(Material provided Opens)
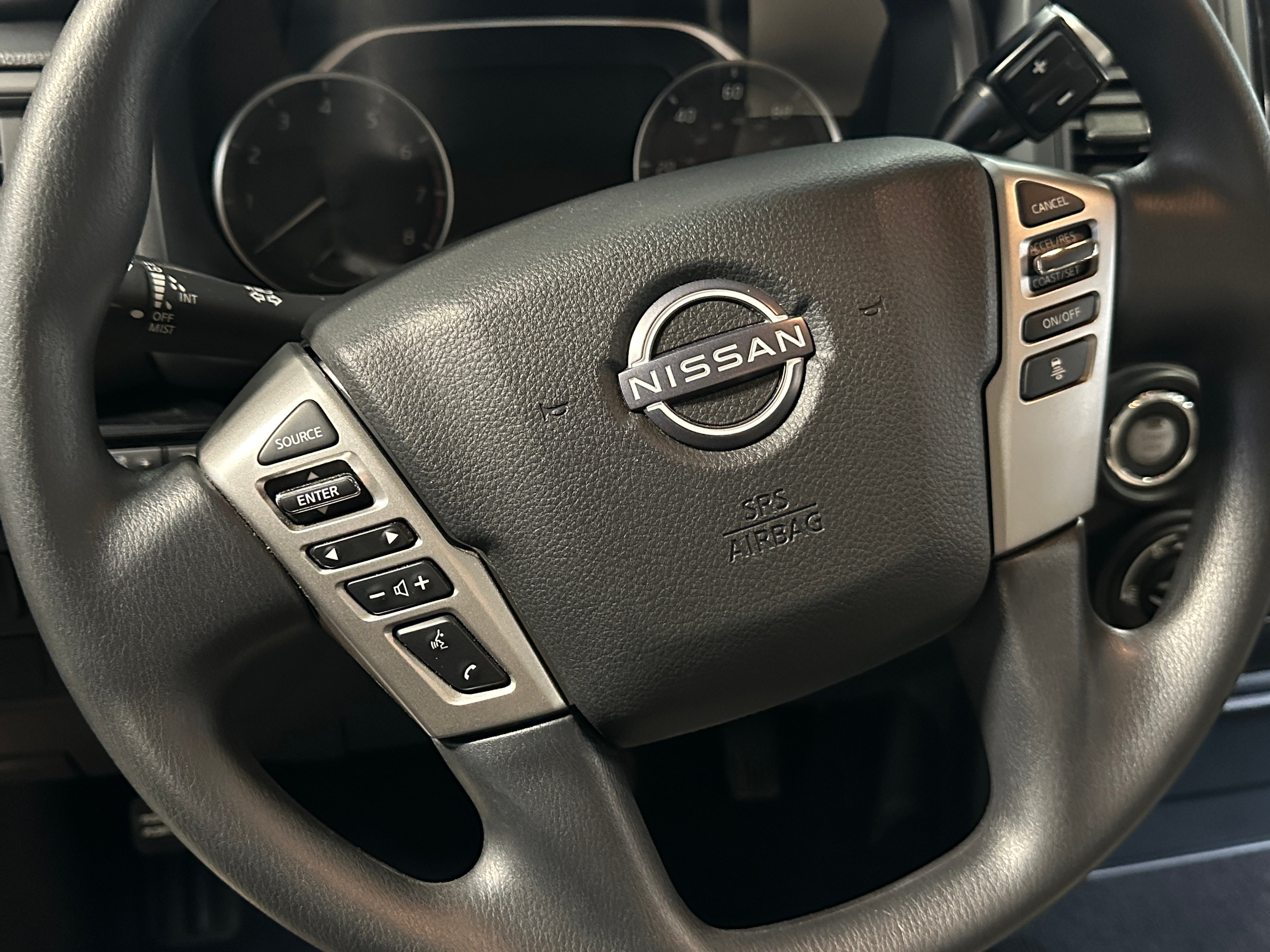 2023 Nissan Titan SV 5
(Material provided Closes)
(Material provided Opens)
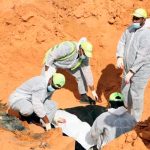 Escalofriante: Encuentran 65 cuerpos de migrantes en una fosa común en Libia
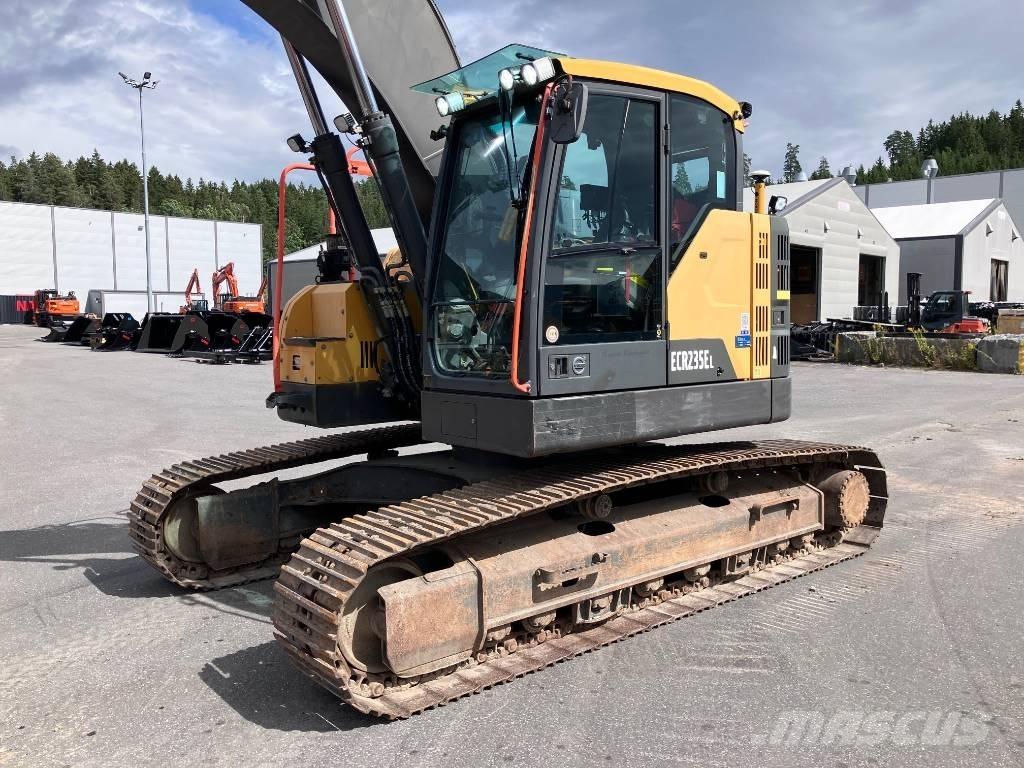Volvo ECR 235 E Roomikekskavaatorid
(Material provided Closes)
(Material provided Opens)
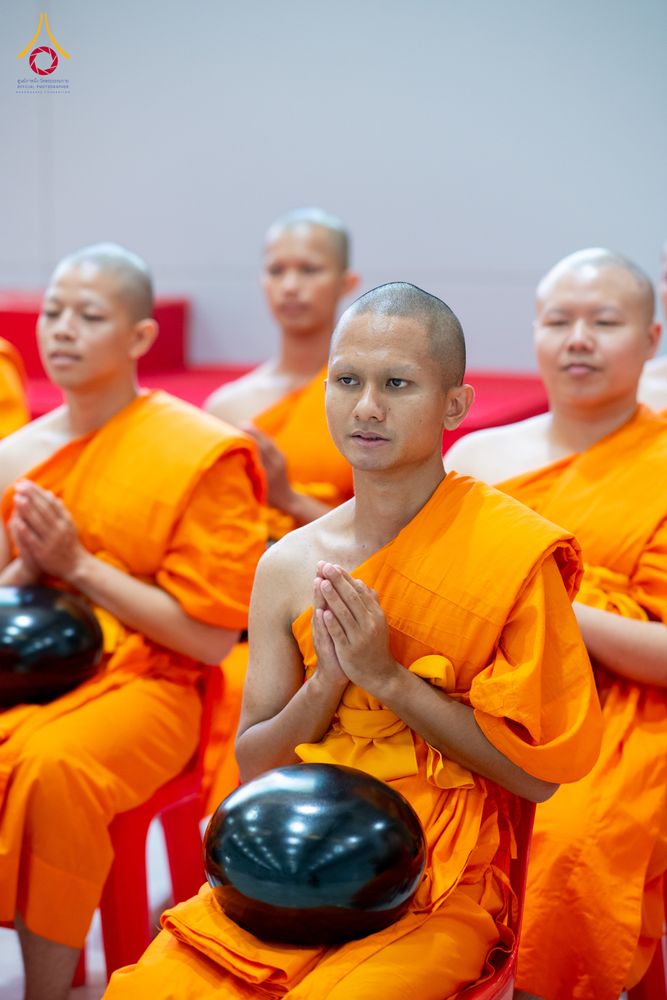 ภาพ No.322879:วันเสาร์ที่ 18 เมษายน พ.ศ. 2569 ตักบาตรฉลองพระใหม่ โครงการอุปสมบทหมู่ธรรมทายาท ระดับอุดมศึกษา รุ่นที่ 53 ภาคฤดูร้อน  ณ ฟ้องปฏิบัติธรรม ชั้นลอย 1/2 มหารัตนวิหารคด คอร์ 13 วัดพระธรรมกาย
(Material provided Closes)
Task:
Using the records above, print exactly the lines between the ones containing "Escalofriante: Encuentran 65" and "Volvo ECR 235 E Roomikekskavaatorid", inclusive, and nothing else; no pictures.

Finished exercise:
 Escalofriante: Encuentran 65 cuerpos de migrantes en una fosa común en Libia
Volvo ECR 235 E Roomikekskavaatorid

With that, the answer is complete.